- _Problem statement_
A faithful, picture-free copy of the listing below is required.

- _Provided material_
▶

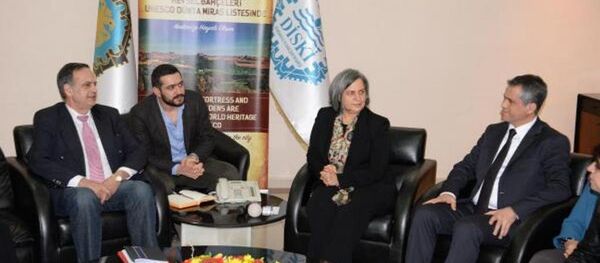 Avrupa Parlamentosu heyeti Diyarbakır Büyükşehir Belediyesini ziyaret etti. - Sputnik Türkiye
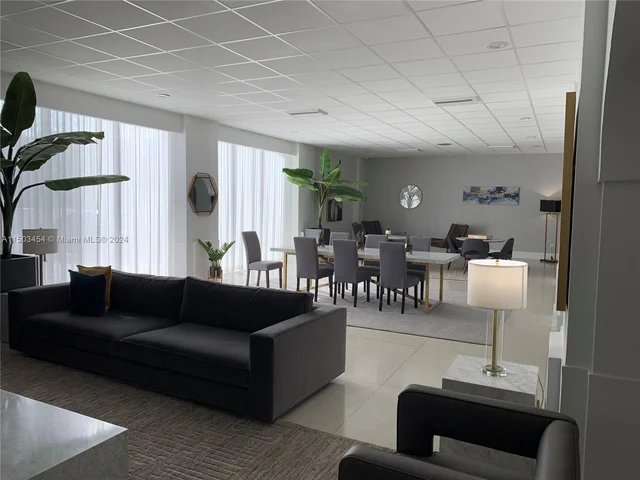 3140 S Ocean Dr # 1012, Hallandale Beach FL 33009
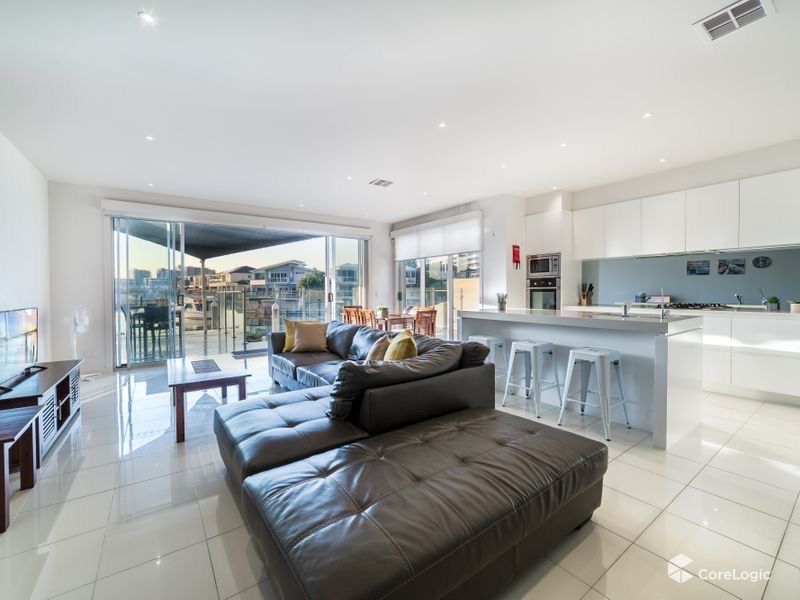 2/45 Compass Drive, Biggera Waters, QLD 4216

◀

- _Task response_
 Avrupa Parlamentosu heyeti Diyarbakır Büyükşehir Belediyesini ziyaret etti. - Sputnik Türkiye
 3140 S Ocean Dr # 1012, Hallandale Beach FL 33009
 2/45 Compass Drive, Biggera Waters, QLD 4216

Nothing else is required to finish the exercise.